This mini series is endlessly entertaining, whether you're a student of the Cold War, an Anglophile, or an espionage buff. It captures brilliantly the guarded peace developing among the world's remaining superpowers in the last days of the Soviet Union, and it makes you howl with laughter in the process.
Havers and Clarke (who was also a dialogue coach on the project) play Soviet agents sent underground as sleepers to the UK in the Mod '60s by enigmatic KGB guru Gough. Now it's the 1980s, glasnost has begun the Soviet thaw, Gough is shut up in a mental hospital, and Havers and Clarke have become very British indeed--the former a successful investment banker, and the latter a union boss in northern England (married and with children, no less). The sleeper project is discovered in Moscow, and the two agents are contacted, much to their dismay (as Havers observes, why should he give up his posh and comfortable life "for a bowl of red cabbage and a bed-sit in Vladivostok?"). Hilarity ensues, as an uptight KGB agent (a woman who makes Ninotchka come off like Pollyanna) is dispatched to bring the wayward sleepers home.

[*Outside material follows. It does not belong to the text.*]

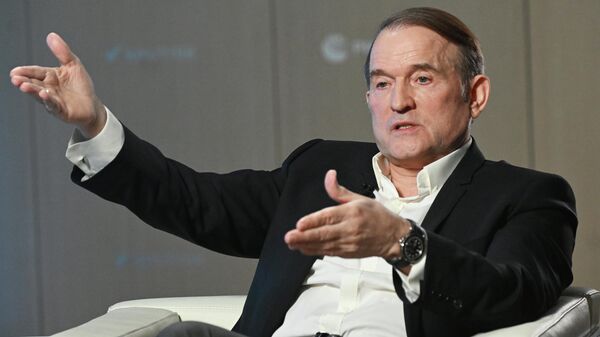 Интервью В. Медведчука агентству РИА Новости - Sputnik Таджикистан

Add in a KGB contact who looks just like Gorbachev (though named Chekhov--"No relation"), classic odd-couple pairings, a suspicious mother-in-law, and Britain's World Cup star Bobby Charlton, and you've got something worth watching, my friend.
Every couple of years or so, I send off a message to the BBC, recommending this title for VHS or DVD release, and I always get a kind note thanking me for my interest. So far, no result. I can't even begin to imagine why. Should this surface again on television, run for your VCRs and DVRs!